Oil spots are not a major problem as long as they’re cleaned up soon after oil has leaked or spilled onto the asphalt. Oil can stain the asphalt and cause it to get somewhat gummy over time. Oil will attract dust and dirt, but it’s not something to be concerned about. It’s more unsightly than anything. Now if it’s not cleaned up, over a very long period of time the asphalt may become soft in those areas. When you have your new asphalt driveway sealed, the seal coat contractor will be able to prime them and help to cover them up. But there is no permanent fix.
When it comes to fuel spills, regular unleaded gasoline will not damage the asphalt immediately. It would take some time to sit on there to actually cause any severe damage, so you’ll want to try and clean them up as quickly as possible. On the other hand diesel fuel on asphalt is a completely different story. As a matter of fact you’ll notice that the company that installs asphalt, they may sometimes use diesel fuel to clean some of the moving parts on their paving equipment and hand tools. Diesel fuel is the best solvent for asphalt.
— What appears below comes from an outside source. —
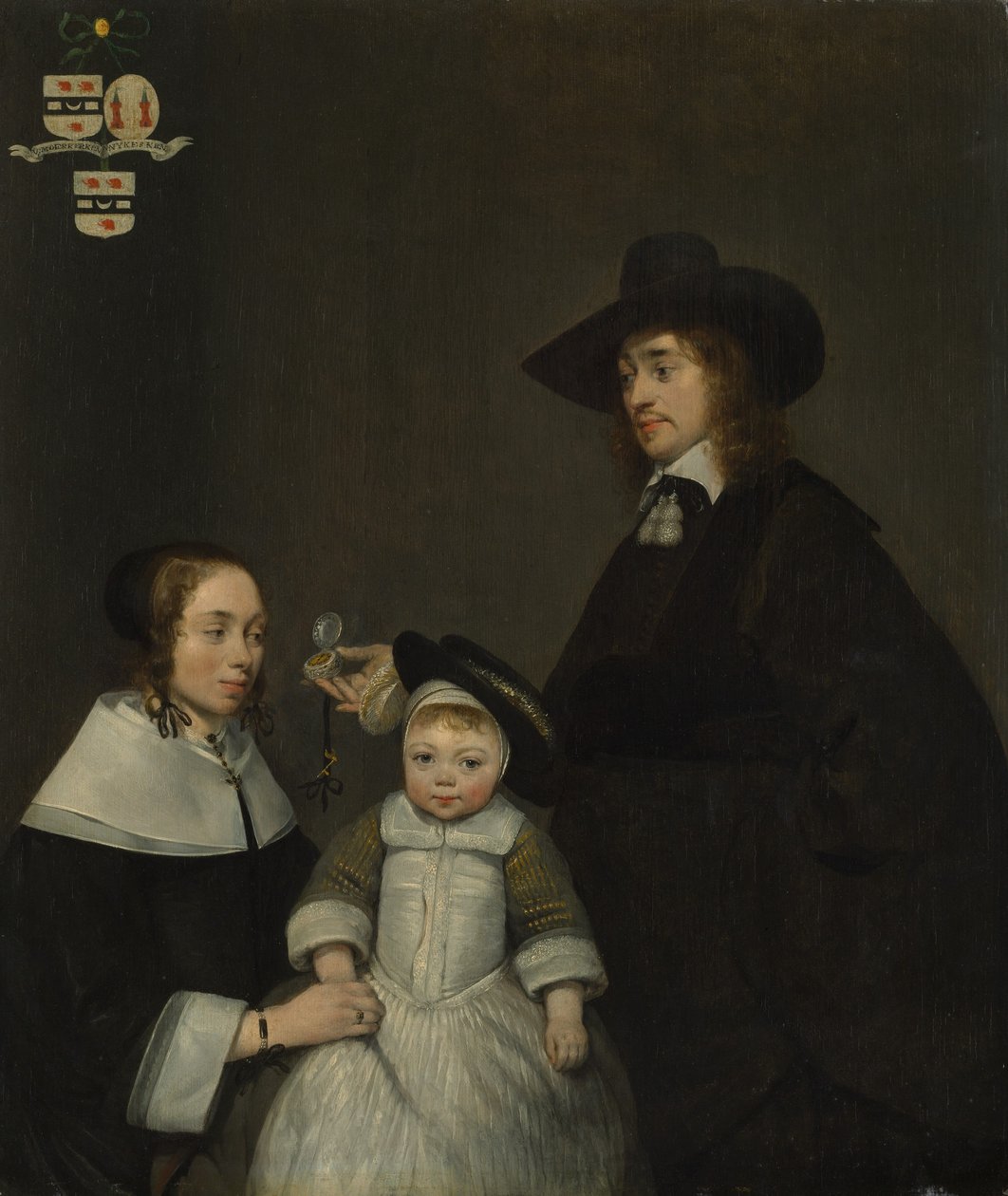 Van Moerkerken 家族、1653～54 年頃。 作： ヘラルトテルボルチII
So you definitely do not want to spill any diesel fuel on your asphalt driveway at all as it will destroy the asphalt very quickly. Diesel fuel will completely dissolve the binders in asphalt and eventually it will turn into a hole. You can literally take a screwdriver and just scrape it all out. That’s how damaging diesel fuel can be, so make sure you don’t spill any diesel fuel on your asphalt driveway.
Ice Melting Products
Ice melting products are very handy in the wintertime in the colder climates. Salt or any other commercial products that melt ice will not hurt asphalt, so they can be used liberally! They can stain the asphalt however, so be sure to spray them off of your driveway frequently.
If you plow the snow on your driveway, or you hire someone to do it for you, make sure that if you’re using chains on your tires not to allow the wheels to spin in place. This will cause deep gashes in the asphalt that may not be noticeable until the spring. Unfortunately there’s nothing that can be done to repair these unsightly damages!
On more than one occasion we’ve seen moving vans completely destroy an asphalt driveway. Avoid allowing moving vans on your driveway if at all possible.
Trash Collection Trucks
Trash trucks are extremely heavy and can destroy even 6” thick parking lots. DON’T LET THEM ON YOUR ASPHALT DRIVEWAY!!